Cash Flow and Working Capital
Cash flow for the first six months of 2009 reflects $62.8 million generated from operating activities and $62.1 million of cash used to paydown debt, mainly due to cash proceeds generated from the sale of the dunnage bag business and cash from operations. Total debt outstanding as of June 30, 2009 was $378.3 million. By July 31, 2009 the Company will make $40 million of voluntary debt prepayments. The Company reached agreement with the lender of the 8.3 percent notes to pre-pay the senior secured notes in their entirety. The Company anticipates making further voluntary debt prepayments by September 30, 2009. The cash receipts and pre-tax earnings generated from the alternative fuel mixture tax credit are currently expected to exceed $50 million for the third quarter of 2009.
The Company was in compliance with all debt covenants at June 30, 2009.

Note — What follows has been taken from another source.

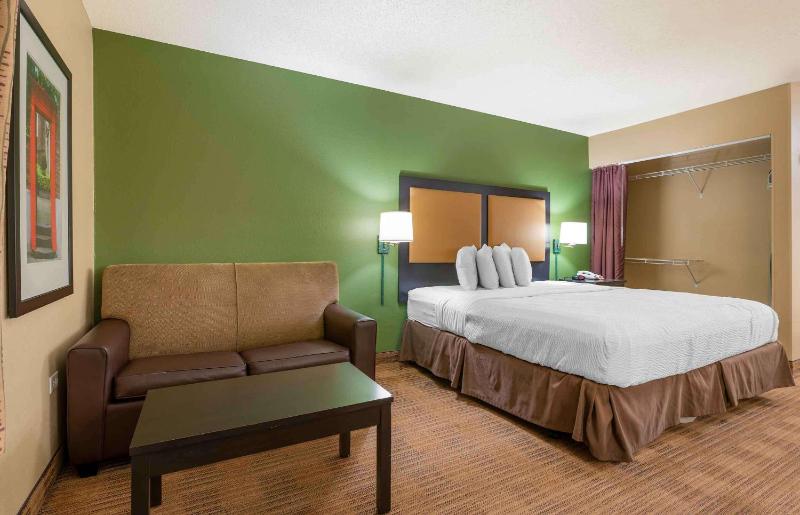 Deluxe Studio with 1 King Bed - Non-Smoking image 3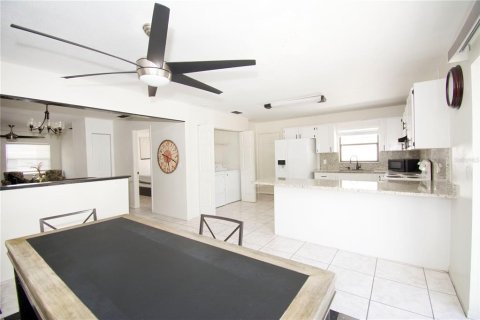 Casa en venta en Tampa, Florida, 3 dormitorios, 125.42 m2 № 1871042 - foto 8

At June 30, 2009, the Company had working capital of $67 million.
In summary, Stone commented, "We see demand for our products increasing. Pricing seems to have stabilized, and in fact, with improved market demand and low industry inventory levels, on July 15th we announced a $50/ton price increase for our kraft paper. With higher operating rates, increased shipments, potential benefits from kraft paper price increases, a lower cost profile, and a much stronger balance sheet, we are optimistic about the balance of 2009 and the opportunities that await us."
About the Company
Headquartered in Northbrook, IL, KapStone Paper and Packaging Corporation is a leading North American producer of unbleached kraft paper products, and linerboard. The Company is the parent company of KapStone Kraft Paper Corporation which includes paper mills in Roanoke Rapids, NC and North Charleston, SC, a lumber mill in Summerville, SC, and five chip mills in South Carolina. The business employs approximately 1,550 people.